Una postura, immortalata da fotografi e telecamere, che è diventata immagine di chi ha toccato i vertici della bellezza, ma non gliene è stato riconosciuto il merito. La partita era quella fra Juventus e Argentinos Juniors, finale di Coppa Intercontinentale a Tokyo, giusto quarant’anni fa. Michel si esibì in una piroetta volante in due tempi nella quale l’arbitro Roth intravvide forse un gioco pericoloso del francese.
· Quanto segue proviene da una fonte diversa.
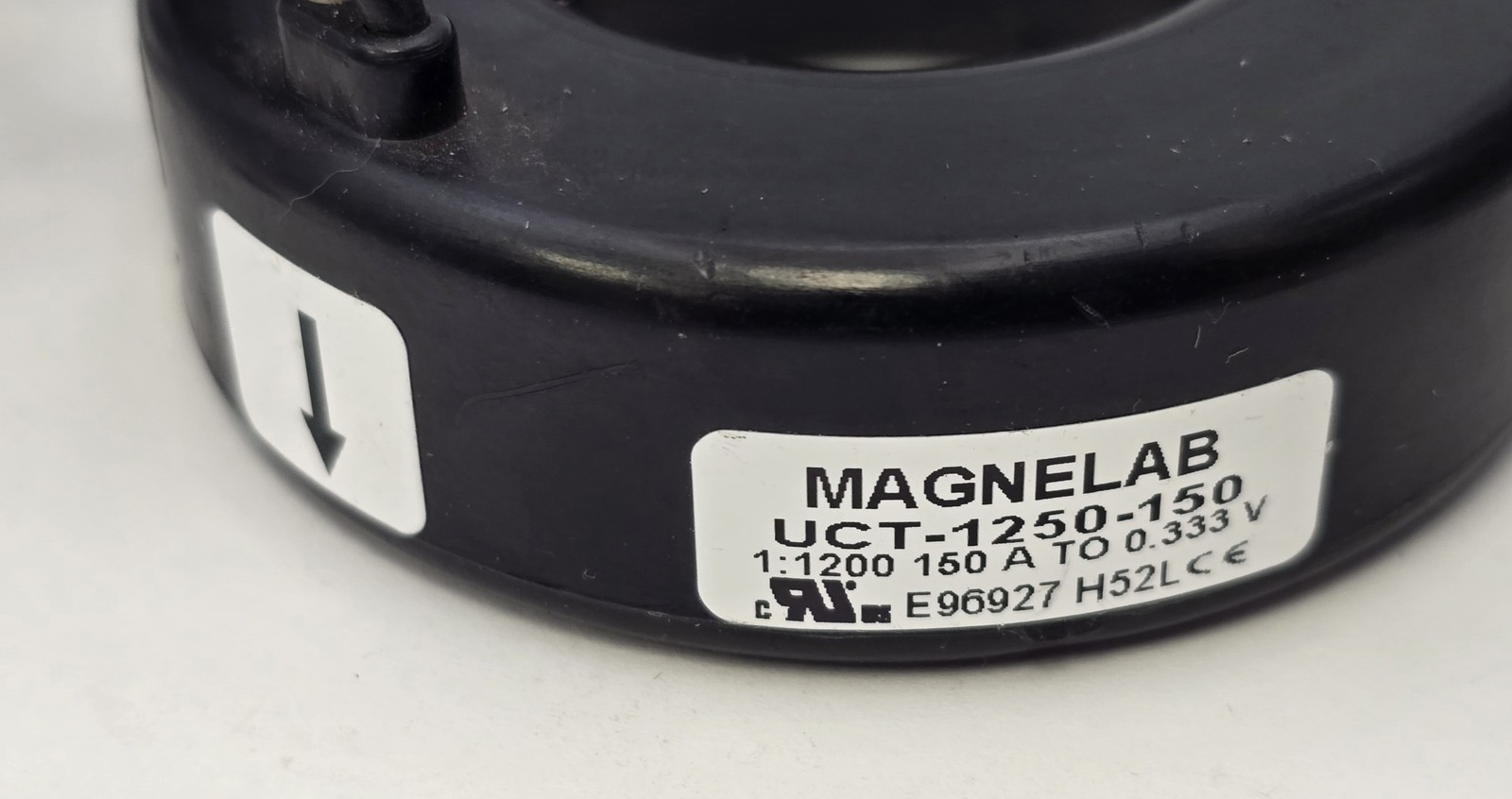 2 PC Magnelab UCT-1250-150 Solid Core Current Transformer 150A 0.333 Volts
Il campo era una melma fangosa e il numero dieci voleva anche evitare di far toccare terra alla palla. Ma la terra la toccò lui subito dopo l’annullamento: prima inginocchiandosi, e qui arrivò il colpo di genio, sdraiandosi su un fianco con la mano a sostenere la testa: una versione calcistica, ha scritto qualcuno, della Paolina Bonaparte di Canova.
Di quella partita è soprattutto quel momento che si ricorda; forse perché senza volerlo Platini diede volto e postura alla delusione esistenziale di chi è conscio di aver realizzato una grande opera e ancora non sa che proprio il fatto che qualcuno ne neghi l’esistenza sarà ciò che lo consegnerà alla storia. Tra l’altro quella partita disputata quando in Italia era notte fonda, e che alla fine la Juve vinse ai rigori, era visibile in diretta televisiva solo in Lombardia; tutti gli altri avrebbero potuto assistervi solo in differita ore dopo.
E nelle orecchie di chi la vide restò a lungo quel suono monocorde e un po’ stridulo che accompagnò la trasmissione, un tappeto sonoro pre-vuvuzelas che conferiva al tutto la sensazione di assistere a qualcosa che arrivava da un altro mondo. In un contesto astrale del genere era quasi inevitabile che trovasse casa una simile esplosione di creatività negata.
La perla di Rummenigge
E come in ogni storia che si rispetti anche in questa c’è un villain, un cattivo. Uno che pare destinato a negare la bellezza. Nella fattispecie non poteva che essere un arbitro: quello stesso Volker Roth che prima di rendere inutile il palleggio volante di Platini aveva già colpito un anno prima, quando aveva tentato di consegnare all’oblìo un’altra perla, quella creata da Karl-Heinz Rummenigge contro i Rangers in un match di Coppa Uefa.
Una rovesciata volante eseguita fra due difensori che manco si erano accorti di cosa stava succedendo. E che, al contrario del sombrero di Platini, non sarebbe stata decisiva perché l’Inter stava già vincendo 3-0. Ma un gesto che è passato alla storia proprio per l’esiguo spazio in cui ha avuto luogo. Forse, forse, nonostante la bellezza intrinseca, quell’ellisse perfetta sarebbe scomparsa per sempre se non fosse stata annullata. Se non fosse entrata nel gotha di quei gol che vivono di vita propria e che si sono sganciati dalla gabbia delle statistiche e dei risultati.
Il “fuorigioco” di Turone
Un gotha che ognuno può creare perché quei gol ripropongono sé stessi e il periodo in cui sono andati in scena indipendentemente da tutto. A ben vedere ce n’è uno che più di tutti in carna questa natura. Magari non straordinariamente bello come i due citati, ma che molto più di essi è diventato un evento letterario. Quello segnato da Ramon Turone quando mancavano pochi minuti alla fine di quel Roma-Juve del 10 maggio ’81.
Un gol di testa in tuffo realizzato con una leggerezza che non ti aspetteresti da un difensore. Gol annullato per un fuorigioco mai provato, ma che nel suo sviluppo aveva, come si è visto a posteriori, tutti i cromosomi propri della regolarità. In questo caso non solo il tuffo di Turone fu accolto nel novero delle bellezze negate: ma è ancora simbolo della speranza offesa.
Se fosse stato convalidato è probabile che sarebbe cambiata la storia del calcio a venire, non solo quella di quel campionato. Ma di certo Turone non sarebbe asceso all’empireo di quei gesti calcistici che oltrepassano il calcio, diventano un’altra cosa.